Davina Perini (Florence / IT), Jacopo Martellucci (Florence / IT), Maximilian Scheiterle (Florence / IT), Francesca Cammelli (Florence / IT), Annamaria di Bella (Florence / IT), Paolo Prosperi (Florence / IT)
Introduction:
Over the past decades, appendectomies have been increasingly performed as "short-stay" or "ambulatory" procedures, with satisfactory outcomes and low complication rates. Yet, conventional hospitalization remains the routine procedure for acute appendicitis.
Objective:
This study was designed to validate day-stay laparoscopic appendectomy (LA) for non-complicated acute appendicitis (ncAA)
Materials & Methods:
We retrospectively reviewed a consecutive series of 560 LA for acute appendicitis, performed in the last 3 years.

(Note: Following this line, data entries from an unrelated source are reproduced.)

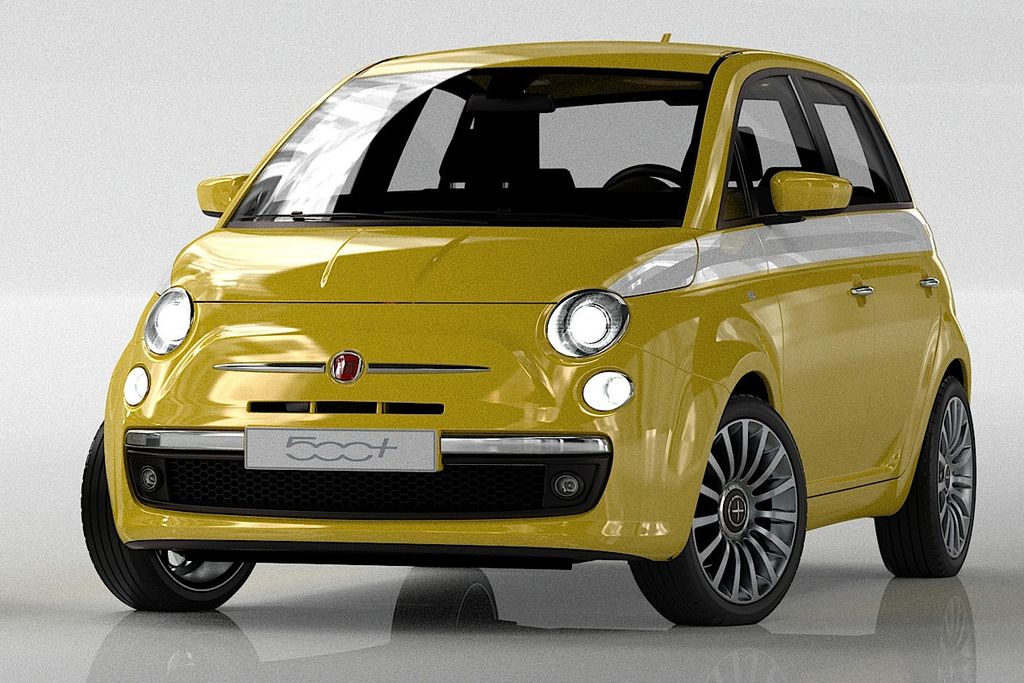 FIAT 500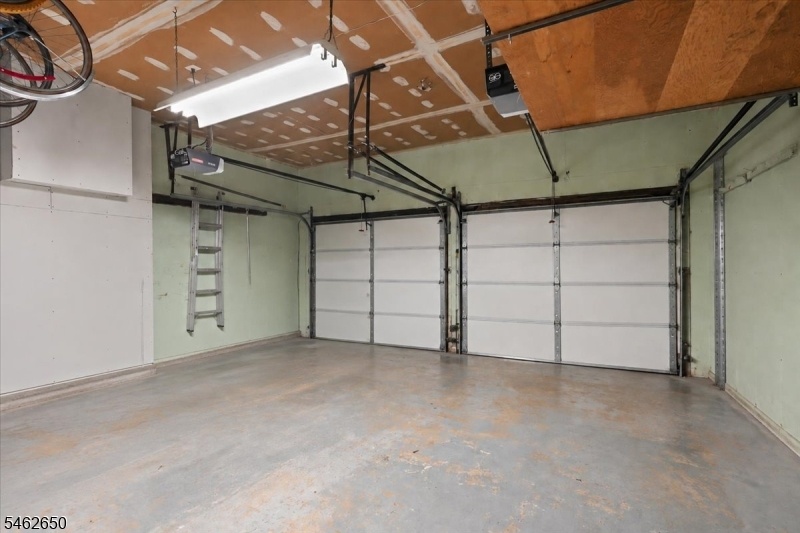 2 car garage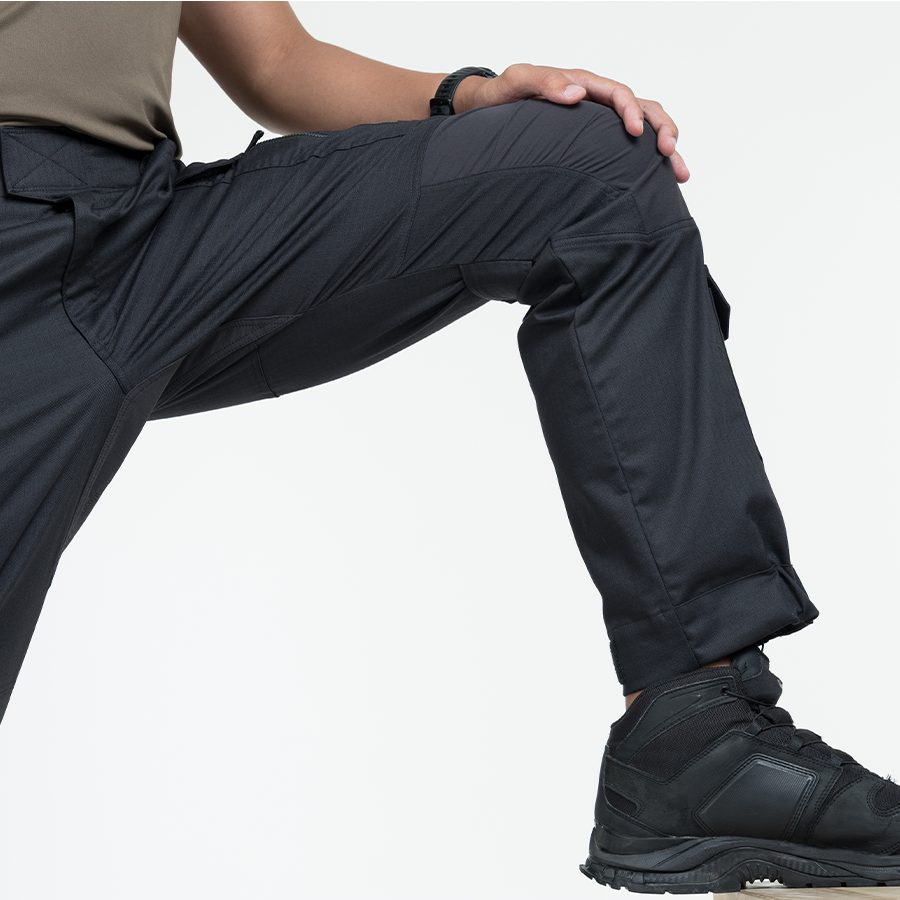 กางเกงทหาร VALOR PX - Native Combat Pants [Black] กางเกงคอมแบท ทหารพราน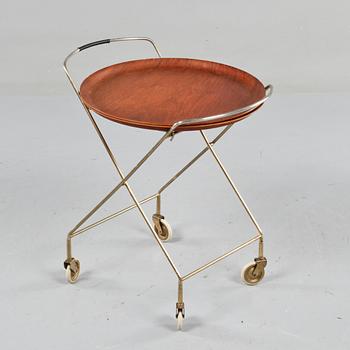 SERVERINGSVAGN, J-H Fabrikerna, Sävsjö, 1950-60-tal.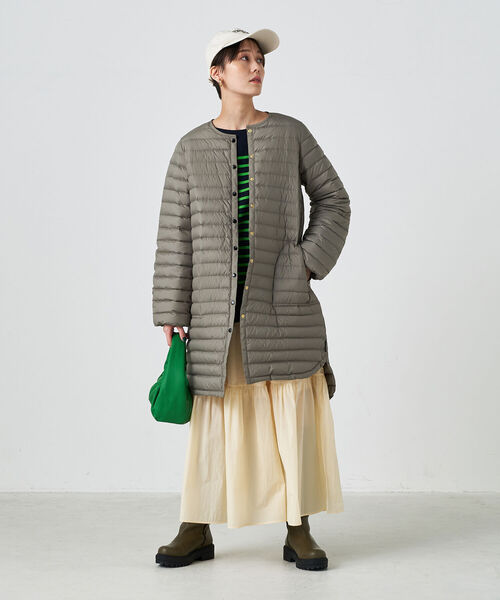 Traditional Weatherwear（トラディショナル ウェザーウェア） ダウン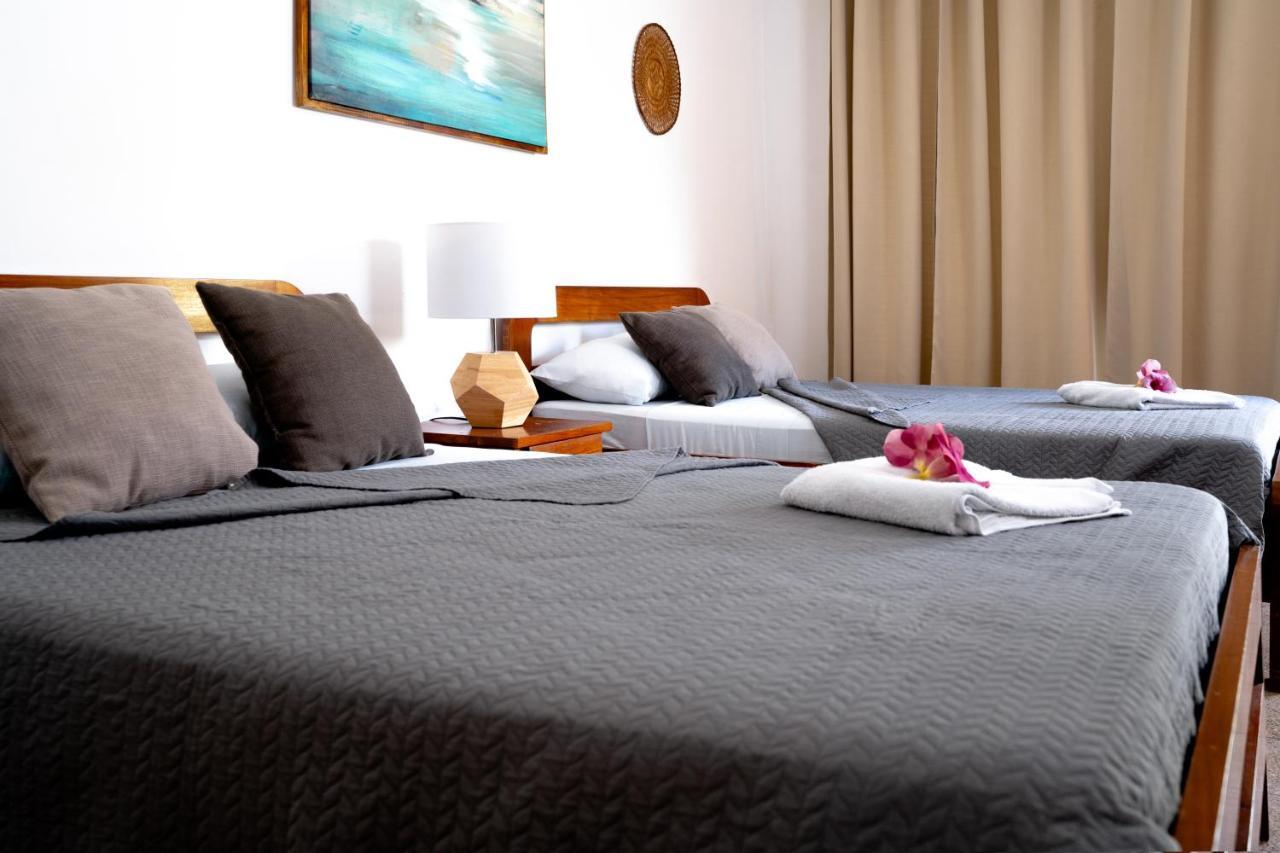 Hotel La Isla باريتا المظهر الخارجي الصورة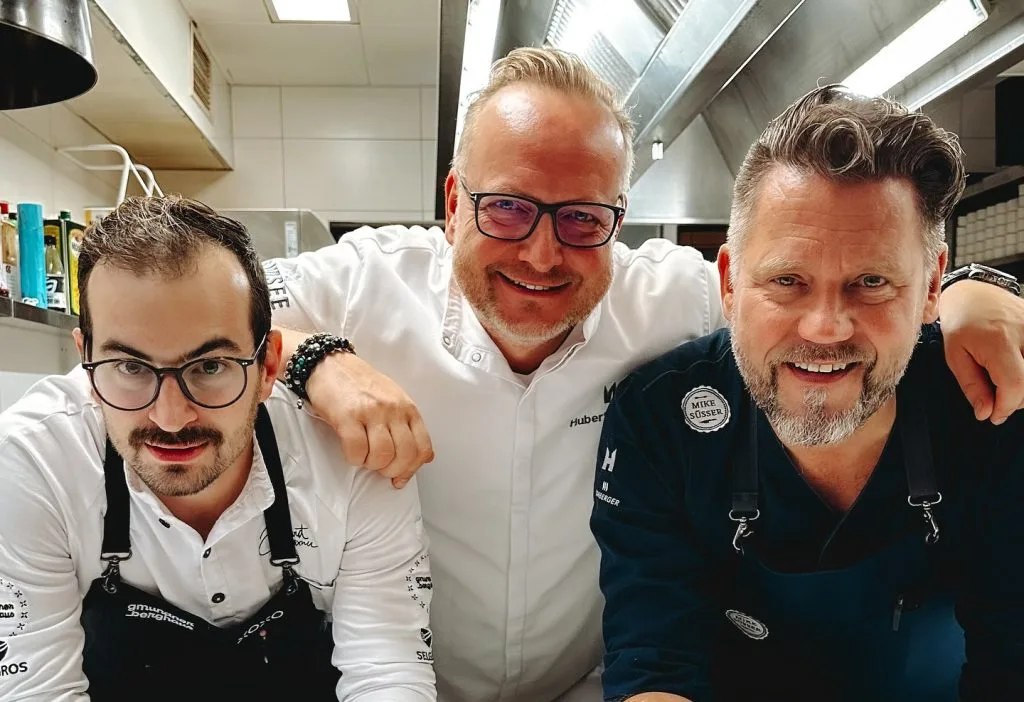 Gourmet Restaurant Hubert Wallner — photo 18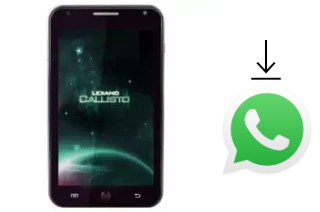 So installieren Sie WhatsApp auf einem LEXAND S5A1 Callisto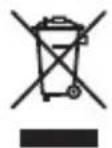 PIONEER VREC-170RS - Informações para usuários sobre coleta e descarte de equipamentos antigos e baterias usadas - 1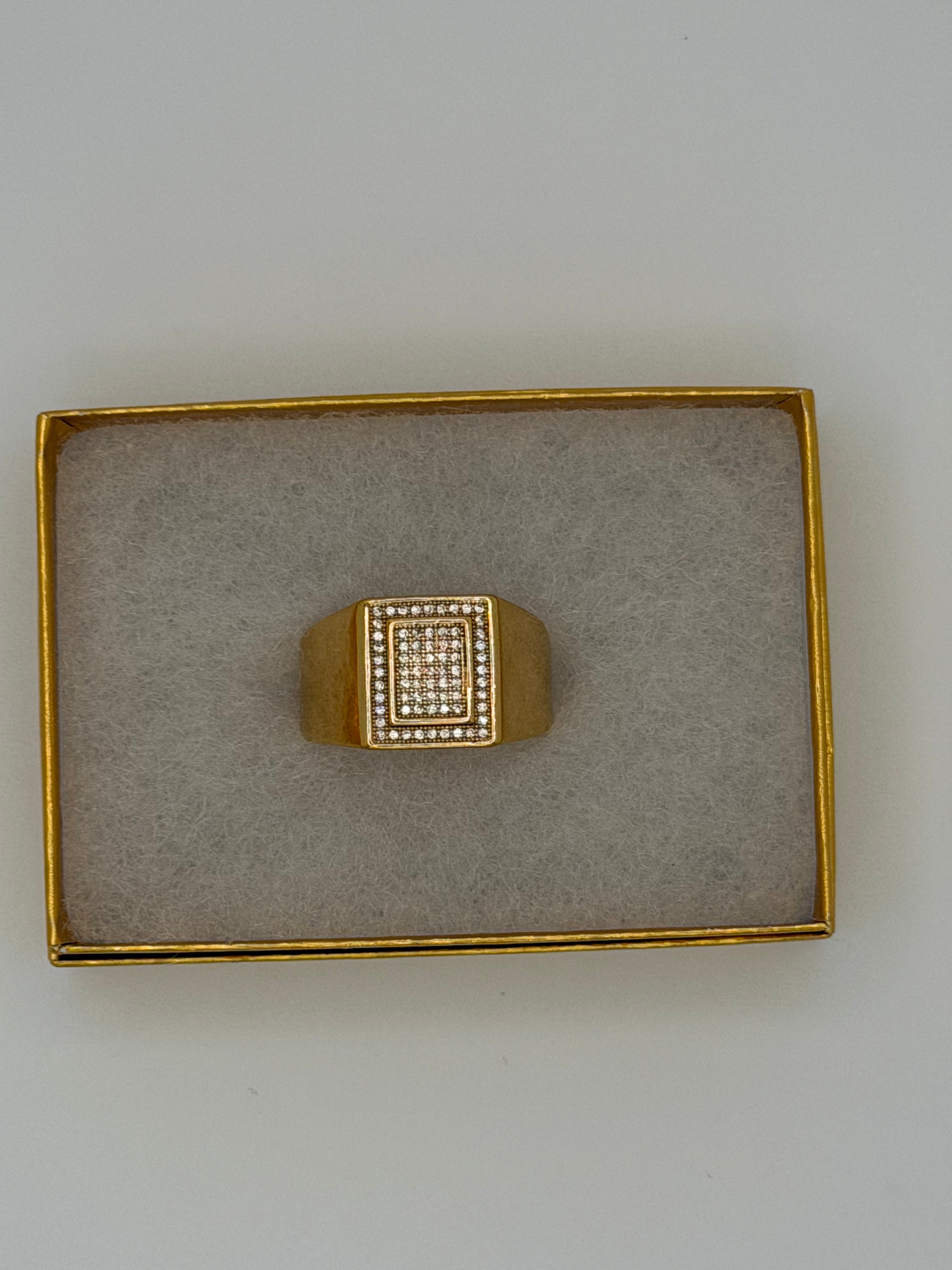BLMN-57Z Men’s Ring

Whenever possible, patients were offered 1-day appendectomy, defined as "discharge within 24h". Furthermore, we determine predictive factors for successful day-stay surgery (LOS <24 h). In light of these findings, in 2023 we"ve started a prospective 1-day protocol of LA for ncAA at our institution. We prospectively analyzed outcomes and postoperative complications of the 50 patients who underwent 1-day appendectomy.
Results:
The average length of stay of the 560 patients retrospectively analyzed was 3.1 days. We also highlighted that there were no statistically significant differences between patients discharged in I, II or III POD, regarding both preoperative parameters (AIR score and Alvarado score) and intraoperative parameters (Mannheim Peritonitis Index). Moreover, predictive factors for safe and feasible day-stay surgery were AIR score < 6 and Mannheim Peritonitis Index > 11. In 2023, none of the 50 patients undergoing 1-day appendectomy reported major complications or 30-day hospital readmissions.
Conclusions:
1-day protocol for laparoscopic appendectomy significantly increased the rate of outpatient management with more comfort for patients and no increase in morbidity or mortality. Because of the positive results from our study, this practice has now become the standard of care for ncAA at our institution.
•LaFrançois M et al. Management of acute appendicitis in ambulatory surgery: is it possible? How to select patients? Ann Surg 2015;261:1167—72.